## What you are asked to do
Below are records with pictures in them. Output exactly the lines from the one with "Windproof Strong Automatic" through the one with "gossipboy 6 Etagen", both included, and leave every picture out; give only those lines.

(Stored data entries)
•••
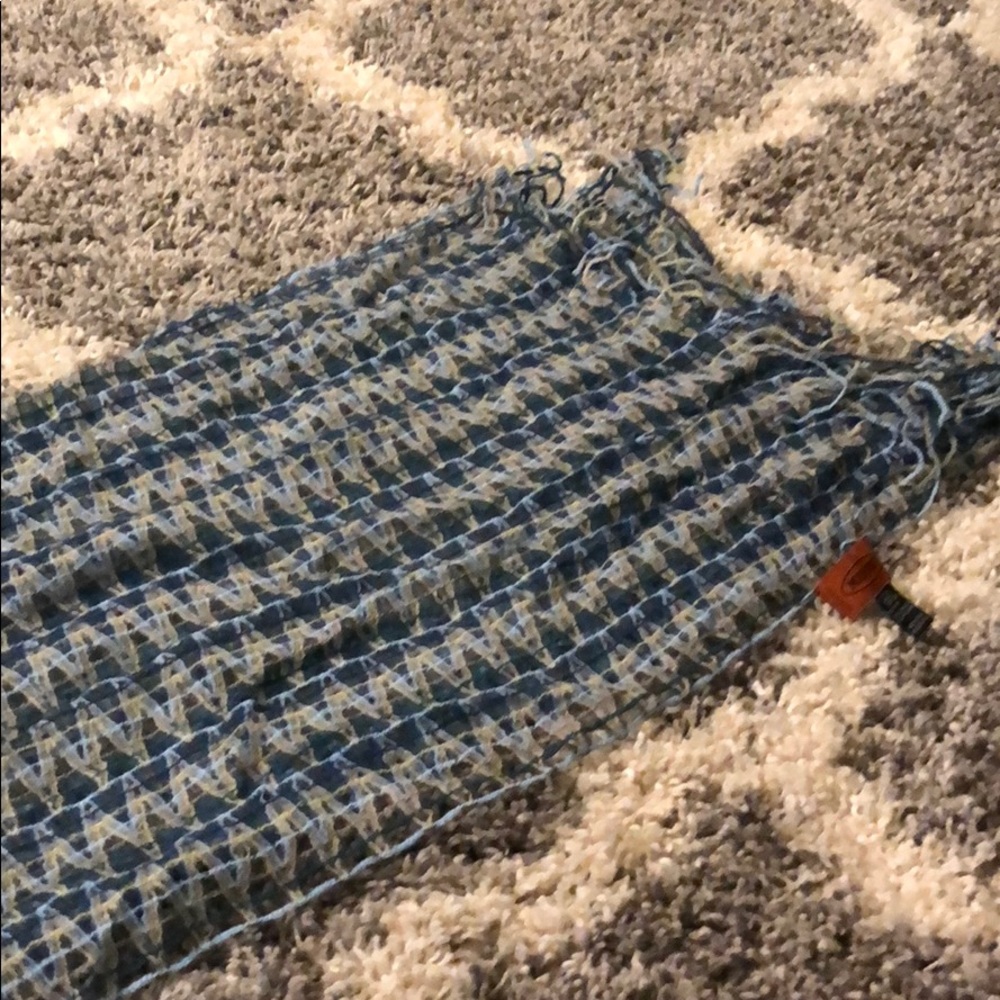 Missoni Green and Blue scarf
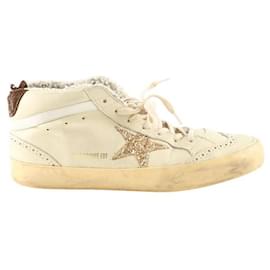 Golden Goose-Leather sneakers-White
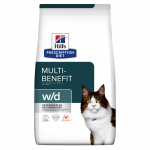 Hill's Prescription Diet w/d Сухий корм для котів при цукровому діабеті, з куркою, 3 кг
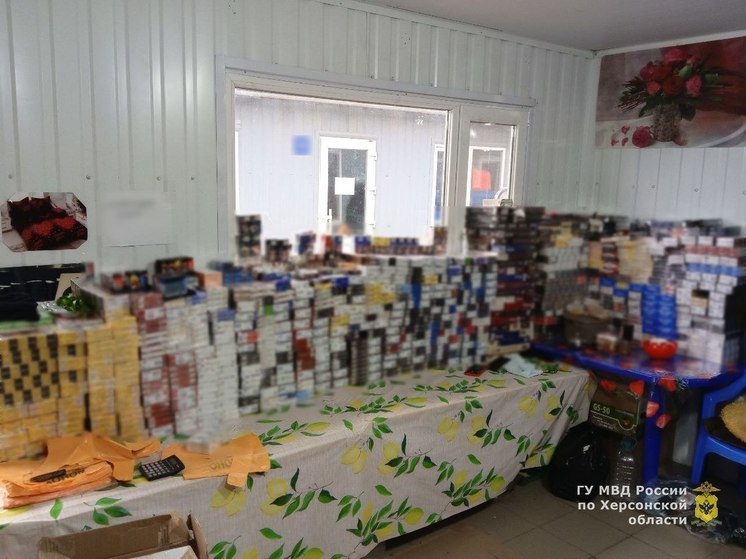 В прифронтовом округе Херсонщины изъяли нелегальную партию сигарет
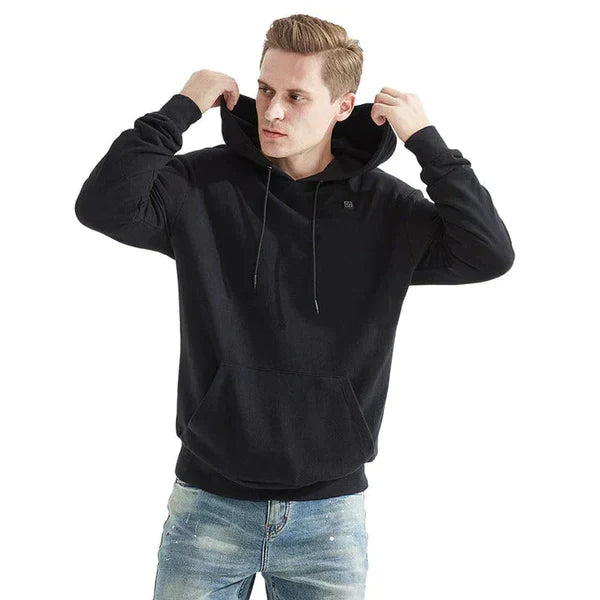 Heated Unisex Hoodie - ThermaHoodie-Grey-S-State of Style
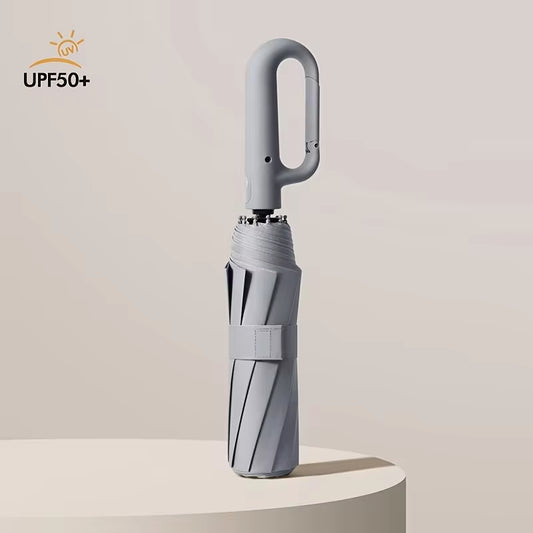 Windproof Strong Automatic Folding Umbrella for Men, Large Buckle Handle Wind and Water Resistant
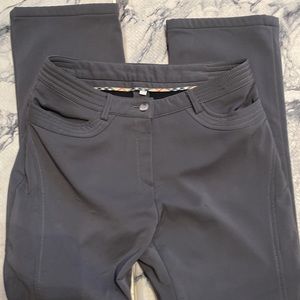 Womens Burberry Nova Check/Fleece Lined Riding Pants! High Tech! Must SEE! 28”🔥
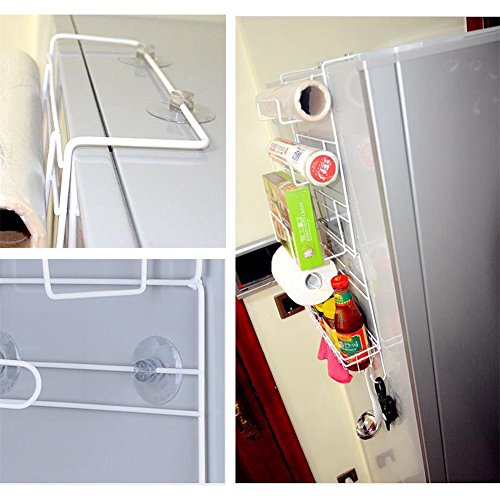gossipboy 6 Etagen faltbar Eisen Draht Rack mit 4 starken Sauger gestärkt, entworfen zum Aufhängen auf der Kühlschrank, Küche Regal/Küche Organizer/Küche Storage Lösungen - 3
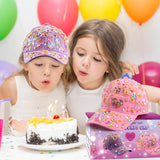 Christmas Gifts for Girls Decorate Your Own Baseball Cap with 12 Sheets Unicorn Gem Stickers, Fun Arts and Crafts Kit for Kids Age 4-12, 2PCS DIY Baseball Cap Birthday Gifts for Girls 4 5 6 7 8 9 10 Yoart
•••
## Solution
 Windproof Strong Automatic Folding Umbrella for Men, Large Buckle Handle Wind and Water Resistant
 Womens Burberry Nova Check/Fleece Lined Riding Pants! High Tech! Must SEE! 28”🔥
gossipboy 6 Etagen faltbar Eisen Draht Rack mit 4 starken Sauger gestärkt, entworfen zum Aufhängen auf der Kühlschrank, Küche Regal/Küche Organizer/Küche Storage Lösungen - 3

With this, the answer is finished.